With nods to Miguel de Cervantes and Marcel Schwob, this award-winning novel by one of Latin America’s leading contemporary writers presents an allegorical noir history of Mexico’s vision of the United States.
Ignacio Matus is a public school history teacher in Monterrey, Mexico, who gets fired because of his patriotic rantings about Mexico’s repeated humiliations by the United States. Not only did Mexico’s northern neighbor steal a large swath of the country in the Mexican-American War, but according to Matus it also denied him Olympic glory. Excluded from the 1924 Olympics, Matus ran his own parallel marathon and beat the time of the American who officially won the bronze medal. After spending decades attempting to vindicate his supposed triumph and claim the medal, Matus seeks an even bigger vindication—he will reconquer Texas for Mexico! Recruiting an army of “los iluminados,” the enlightened ones, Matus sets off on a quest as worthy of Don Quixote as it is doomed.
David Toscana is one of Latin America’s leading contemporary writers, and his books have won several prestigious awards, including the Casa de las Américas Prize for The Enlightened Army. The novel’s treatment of the troubled relations between Mexico and the United States makes it highly topical at a time when immigration and border walls capture headlines, while its lyrical writing and humorous take on the absurdities of everyday life offer timeless pleasures.
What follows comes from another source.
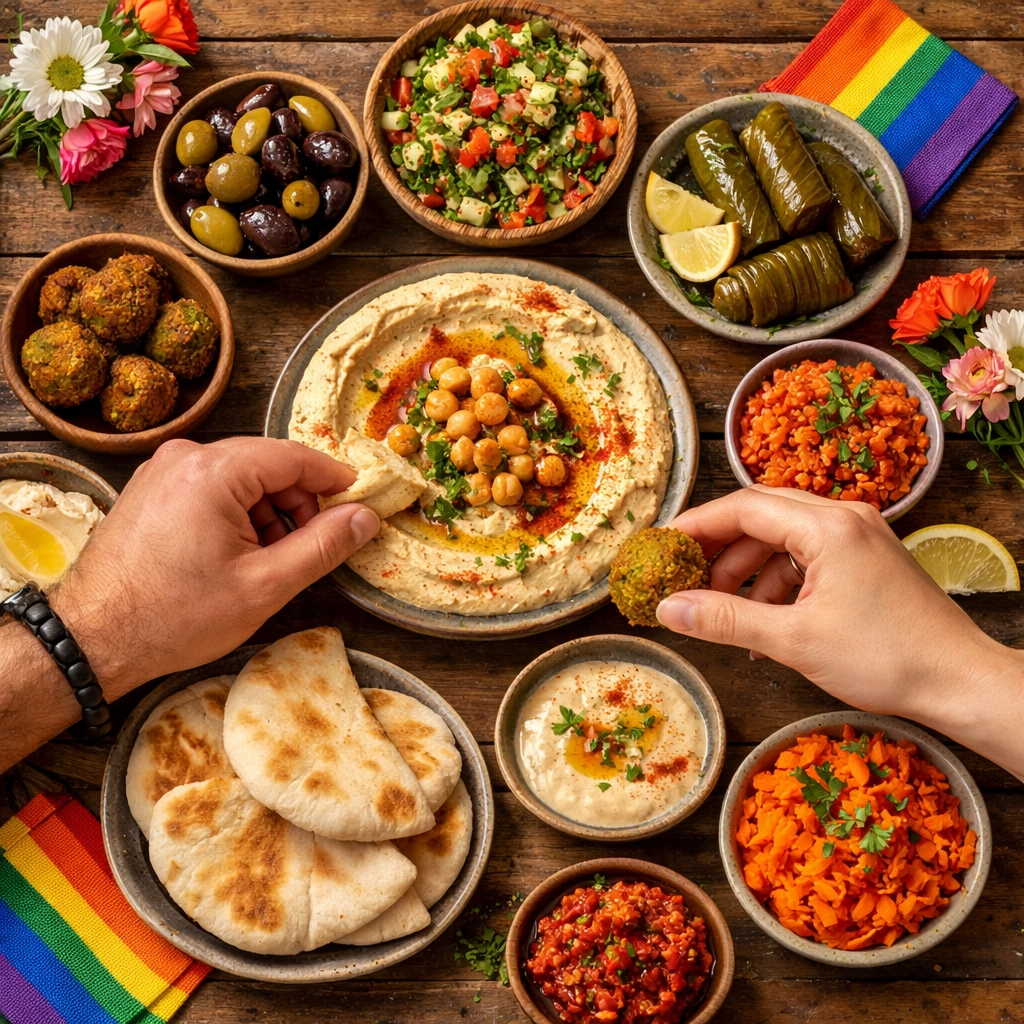 Traditional Israeli mezze spread with couple sharing hummus and pita for wedding celebration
"Absurd and comic but with a bitter edge, this novel takes a unique and refreshing approach to the darker aspects of Mexico's relationship to the United States."
“Toscana is ready to join the ranks of Latin America’s finest novelists.”
“David Toscana deserves to be labeled the Latin American Cervantes of the twenty-first century! The Enlightened Army is like a little Quixote.”
El Tiempo (Bogotá)
“Toscana’s writing proves overall to be witty and disarming, alluding amusingly to Latin American writers such as Gabriel García Márquez and Carlos Fuentes.”
San Francisco Chronicle
“David Toscana may enter the pantheon of great Latin American authors.”